Tuesday, November 02, 2004

 

Free Speech in an Avatar Society

Wired News has a great article on free speech inside massively multiplayer on-line games.

The question is whether virtual societies can or ought to be governed by the social conventions/laws of the exterior hosting society.

This gets particularly tricky when avatars are being driven by people from different societies with different laws and different norms.

Can a local legislature impose laws on a virtual society? Only if it is hosted on hardware based in the jusistiction of the local legislature? What if the game is clustered across several physical machines residing in different sovereignties?

As it stands now, the creators and/or administators of the game act as the legislative, executive, and judicial branches of government. In short, tyrants. Most are good tyrants (bad game tyrants don't make much money).

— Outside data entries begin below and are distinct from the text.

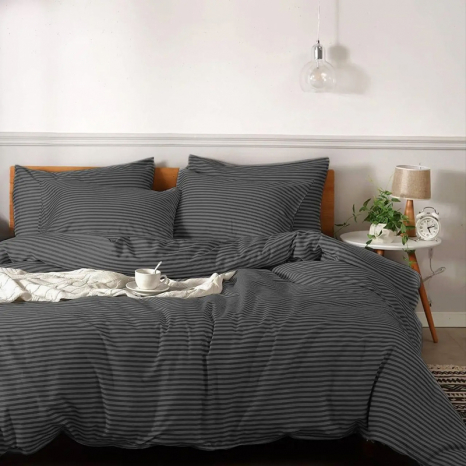 Євро-максі набір смугастої постільної білизни 200*220 із Бязі "Gold" №156611 Черешенка™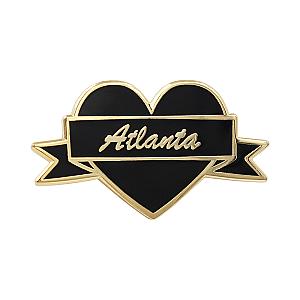 Love Enamel Pin - I Heart Atlanta – Black &amp; Gold City Pin RS2109
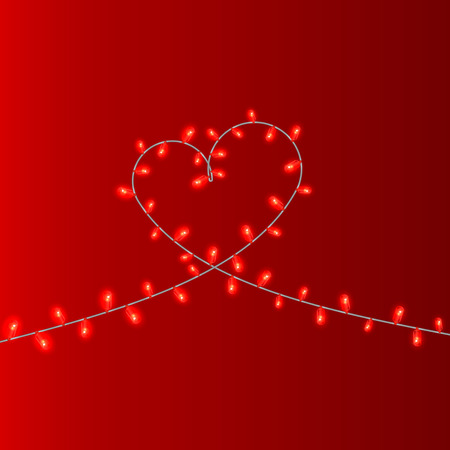 Valentines day background with shiny lights. Vector illustration.のイラスト素材
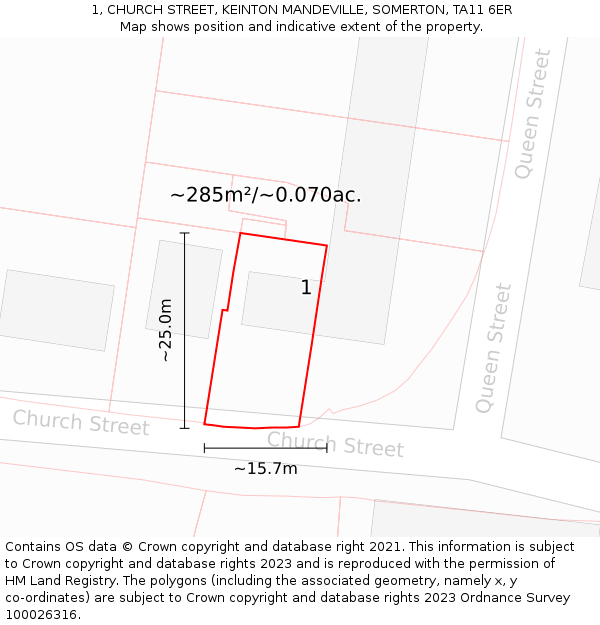 1, CHURCH STREET, KEINTON MANDEVILLE, SOMERTON, TA11 6ER: Plot and title map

And when, in the course of avatar events, does it become necessary to dissolve the political bonds of the game and revolt? Can the avatars take control of the game and establish a virtual government independent of the administrators?

At that point, I guess we would call it a wiki.

 

Chaos Software Model

The New Scientist has an interesting article on a chaos-based software model for solving hard problems.

Could this software model be used to find information in an enterprise? Rather than put everying in an SQL database and issue boolean logic queries, launch a chaos-based agent.